ついこの前まで、米国系外資系IT企業で約7カ月のインターンシップをしてきた。その経験から、息苦しい日本社会に勝る点を述べていきたい。
多様性がある
日本国憲法で保障されているにもかかわらず、なぜか日本社会では差別(当の加害者は「区別」だとかそっちこと差別だとか言い張るが)が生まれる。その対象として年齢や性別、性的指向などが挙げられる。しかし、ここではまず、アメリカ本社のCEOに以下のような署名をさせている。
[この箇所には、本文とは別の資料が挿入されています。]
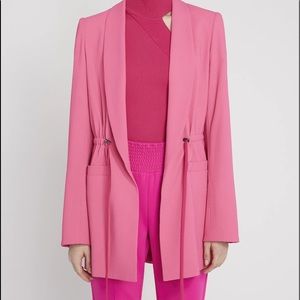 Alice and Olivia Kylie cinch blazer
あらゆる活動において、人種、国籍、性的指向、障害の有無や種類、性別、年齢で差別しない
平等や多様性が重要視される今、ごく当たり前のことであるが、あえてこれを署名の上徹底させることでそれを担保しようとしているわけだ。
実際、この文化はインターンシップ内ではっきり表れていた。例えば、何かと日本では目を付けられやすい年齢についてだが、普通に多様な年齢の方がいた。インターンシップというと学生のみのイメージが強いが、ここでは既卒の方も多くいた。一度は就職したものの価値観が合わず退職した人、博士後期課程単位取得満期退学*1の方、精神疾患の休養から復帰した人、実に様々だった(約1/3が既卒)。
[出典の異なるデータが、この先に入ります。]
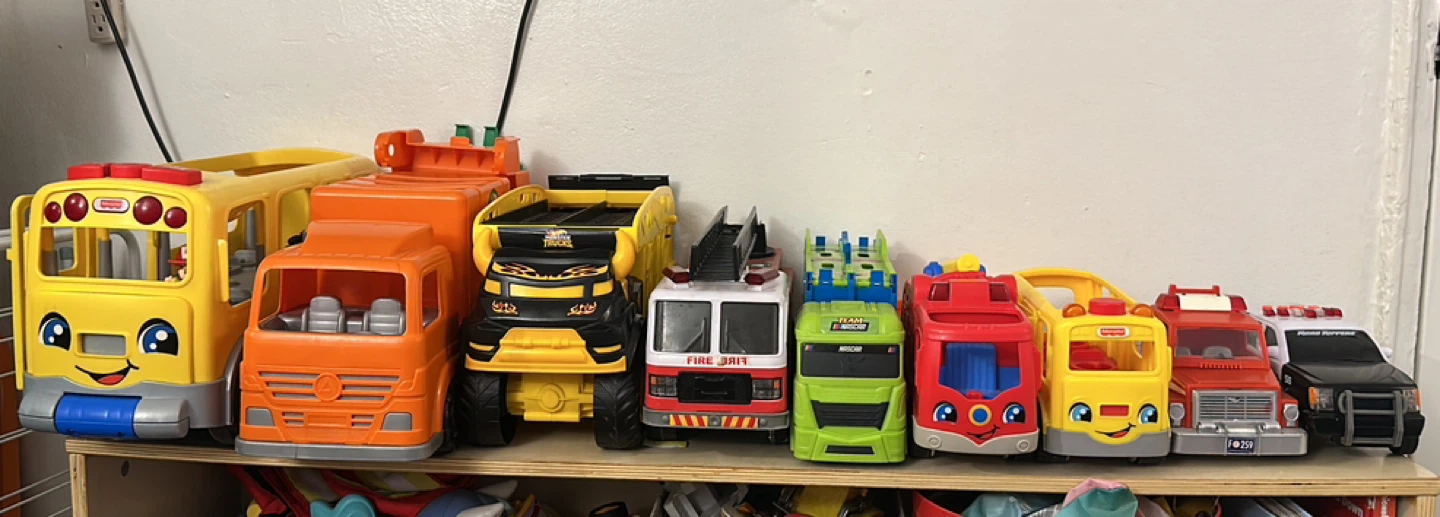 Trucks lot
ほかにも、男(女)は何をする者、という固定観念がないので、男も育児休暇を堂々ととることが出来るし、女だからお茶くみ、などと言う話にはならない。
これ以外の軸から見た多様性ももちろん担保されているが、だからと言ってどんなハンディキャップがあろうとも何の配慮もされないわけではない。根性だけでどうにかするか、何とか排除しようとする日系企業と異なり、自身のハンディキャップを説明し、必要な配慮を申し出ればその配慮を受けられる。
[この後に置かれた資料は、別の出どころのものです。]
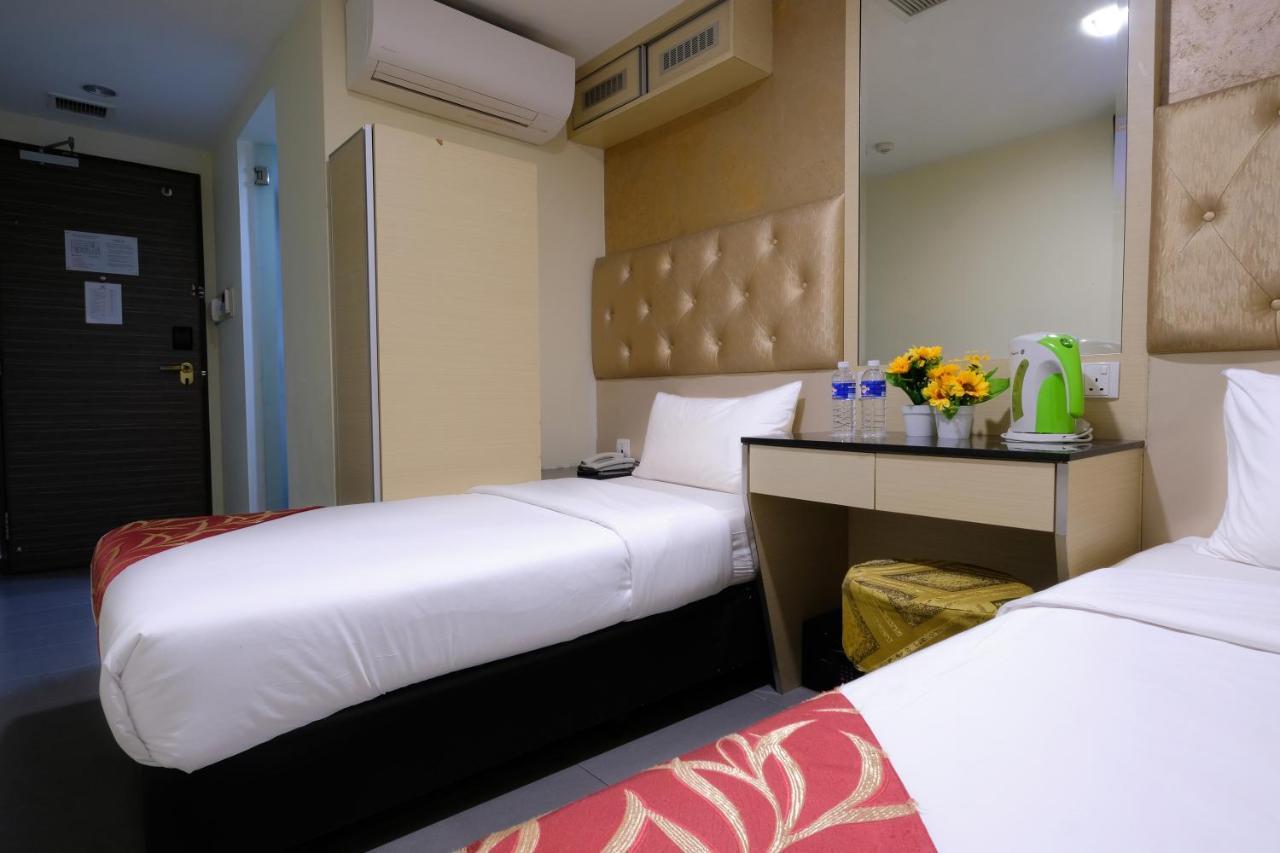 Sandpiper Hotel Singapore Ngoại thất bức ảnh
それはなぜだろうか。答えは簡単で、多くのbackgroundを持つ人がいるだけに過ぎない。閉塞的な日本社会のしきたりを強行しようとしたとき、おとなしく従ってくれる人しかいないわけではない。むしろそうしようとすれば多くの人に反発されるであろう。そして、被害妄想をこんな風に展開し、いずれは淘汰されるであろう。
「私にとって生活の充実とは仕事に熱中していることです。 ところがアメリカ人は自分の生活を第一とする。こういった考え方はどうもしっくりきません。日本人独特の仕事第一の価値観を彼らが理解しないばかりか、バカにしてくるのです」
「この間ちょっと用事があって、お願いするよ、と頼んだのです。 ところが『これから休み時間だから駄目』と言って席を立ってしまうのです。急いでいるからこそ頼むのをわかってくれないのですよね、アメリカ人は。どうしてこんなやつらと一緒に仕事をしなければならないのだろう」
「部下に話しかけてしたら『日本人って相手のプライバシーを気にしないのですね。でも私は、日本人ではありません。これから、部下に対しても話しかけるときはアポイントをとるようにしてください』 と嫌みを言われる始末です。しかも相手は二十代そこそこの女性ですよ」サービス残業 - ●日本人だけど、日本のここが嫌い●まとめwiki - アットウィキより。内容や趣旨を変えない範囲で、一部表記を変えてある。
変なしきたりがない
実際の現場にいる人に、どんな働き方がしたいか聞かれ、私は「あまり飲み会には出たくない」と答えた。日系では
「うーん、苦手なのはわかるけど出た方がいいと思うよ。とっても重要なことが聞けると思うし、あまりかかわらない人を知って仲よくなると思うよ」
「甘えるな!社会人としての常識だ!」(ネット上でよくある口調)
みたいのが返ってくるが、私が行ったところでは
「別に構わないよ。というか、飲み会に誘おうとすると露骨にイヤな顔をする人ばかりだし」
と来た。要するに、仕事とそうでないことの境界がはっきりしており、「賃金が出なければ仕事ではありません。つまり、こういう行事に従う必要はありません。しきたりなど知るか」といえるほど個人と組織を分けて考えられる人が多くいたわけだ。また、発達障害を持つ社員さんに同じことを聞くと、
「飲み会は有志が勝手にやっている。俺は参加しない」
という勢いだった。ちなみに、同プログラム内で、日系の客先企業に訪問する機会があったが、そこにいた発達障害を持つ社員さんは「苦痛だけど我慢して出るようにしている。何とか耐えるスキルをつけている」と、飲み会というしきたりに束縛されている様子だった。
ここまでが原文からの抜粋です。